In our view, based on the foregoing discussion, the most the evidence below showed was a factual basis for attempted burglary[3] or for trespassing on property other than a structure.[4] The circumstantial evidence here, while not amounting to burglary, was strongly indicative of the imminent commission of a burglary. In effect, we believe that the evidence showed that Mejias was likely intercepted before he could commit the burglary—he had set off Tri-Star's alarm system but had not yet entered the building. Other factors— Mejias's presence on the premises of the industrial park in the middle of the night, his hiding under a truck, the gloves and map in Mejias's possession, and the airconditioning unit of the business being pushed in—all support a scenario of an interrupted plan to burglarize the Tri-Star warehouse.

We reverse Mejias's conviction for burglary, as we find his plea was without a factual basis, and remand for further proceedings consistent with this opinion. The trial court's vacation of Mejias's conviction on possession of burglary tools is affirmed.

Affirmed in part, reversed in part, and remanded.

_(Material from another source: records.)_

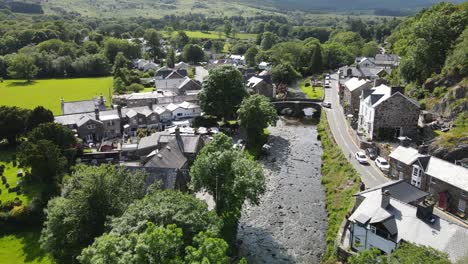 beddgelert village en snowdonia gales reino unido imágenes aéreas 4k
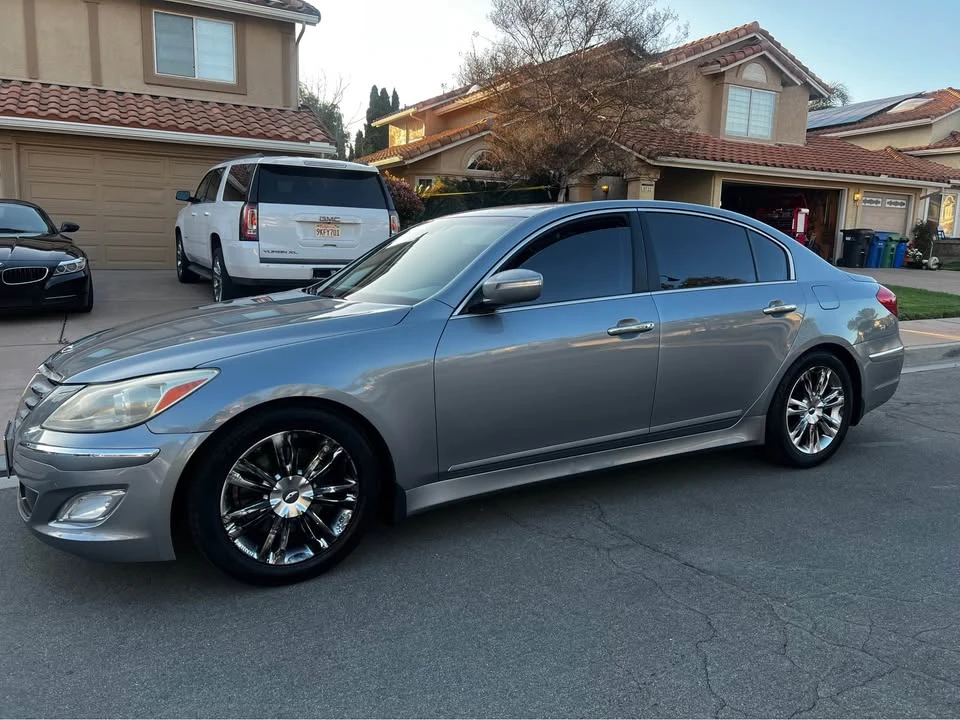 2014 Hyundai Genesis - Image 6 of 19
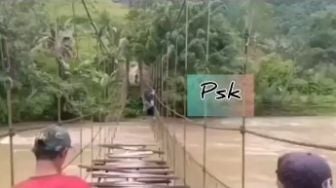 Viral Video Siswi Nekat Meniti Kawat Jembatan Rusak, Di Sini Lokasinya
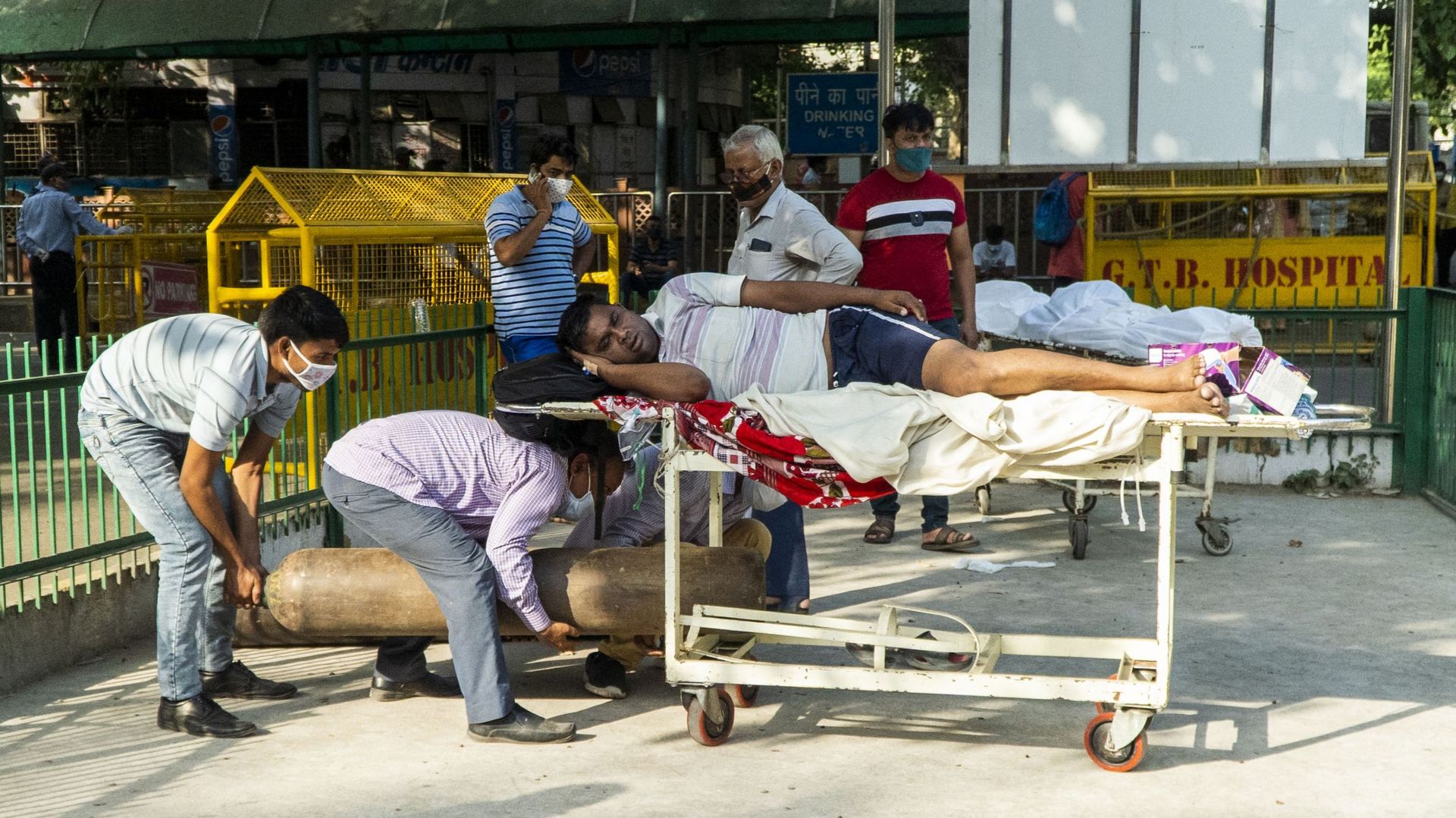 Coronavirus en Inde: "Je n'ai rien pu faire, je l'ai juste regardé mourir"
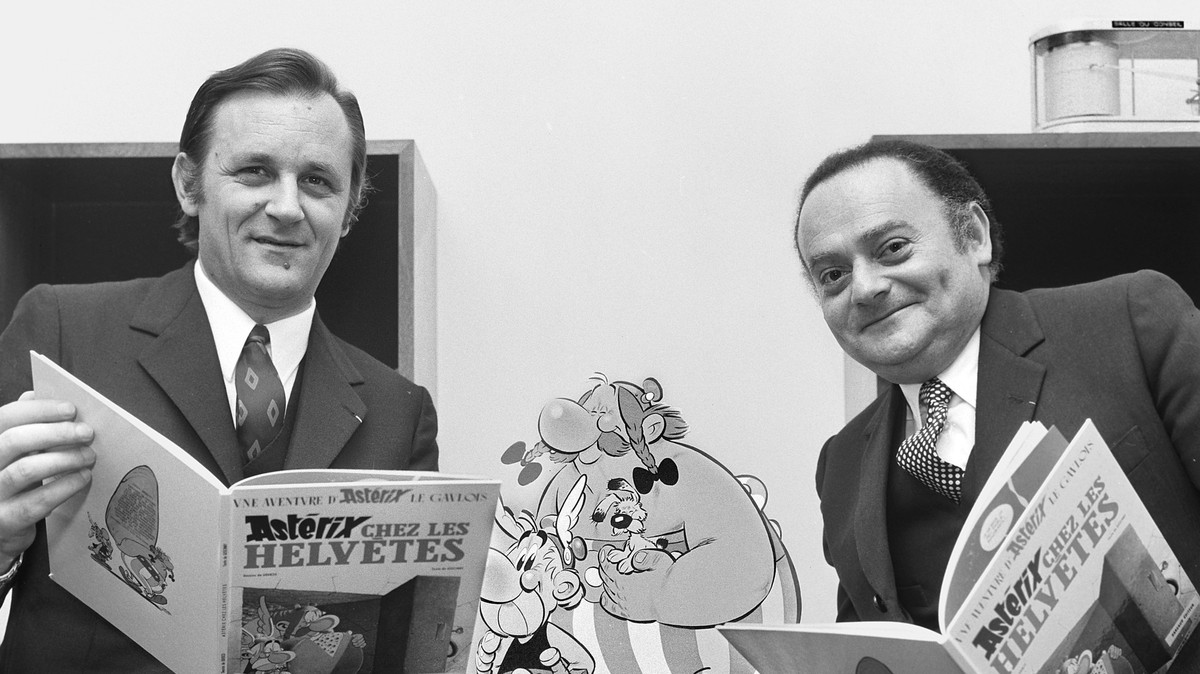 Die beiden bekannten Autoren der Asterix-Buecher, der Texter Rene Goscinny, rechts, und der Zeichner Albert Uderzo, links, mit ihrem neuen Band "Asterix bei den Schweizern", aufgenommen am 1 ...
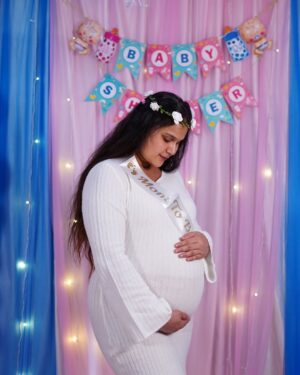 Madhu Reddy Instagram - My baby shower😘🫶🏻🥰 tnq so much lovely surprise ❤️❤️ @sushmakiron @rajnisharma7  @pallaviramisettyofficial @ashikapadukone_official  @redfm_rjsourya 

#insta #instragram #instamood #pregnant #pregnantbelly #pregnancy #pregnantbellybump #babybump #viral #viralpost #frnds #feed #reach #trend #trendingnow #trendingsongs #babyshowerideas #babyboy #babygirlstyle #babygirl #happy #mood #feel #reelitfeelit❤️❤️ #reach #reachpost #smile #smilealways #friendship #friendshipgoals #postivethinking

NESBITT and FLETCHER, JJ., concur.

COPE, J. (dissenting).

I would affirm the denial of postconviction relief.

I.

Based on this court's decision in Greer v. State, 354 So.2d 952 (Fla. 3d DCA 1978), there is a factual basis for defendant-appellant Mejias' plea of nolo contendere to the offense of burglary. In Greer, the defendant climbed over a six-foot wall which surrounded a Ford automobile dealership. See id. The police found him hiding under a van in the parking area. See id. There was no evidence that defendant had actually entered the dealership building itself. See id. This court held that the facts amounted to a burglary committed by reason of the unlawful entry of the defendant into the curtilage of the business structure. See id.

The same logic applies in this case. Here the facts show that the defendant entered the fenced enclosure of the industrial park. Within the enclosure were two buildings housing multiple businesses. The defendant inadvertently set off the burglar alarm by pushing a window airconditioning unit into the building, evidently intending to dislodge it and enter through the opening thus created. Defendant was hiding under a truck in the parking area when the police arrived.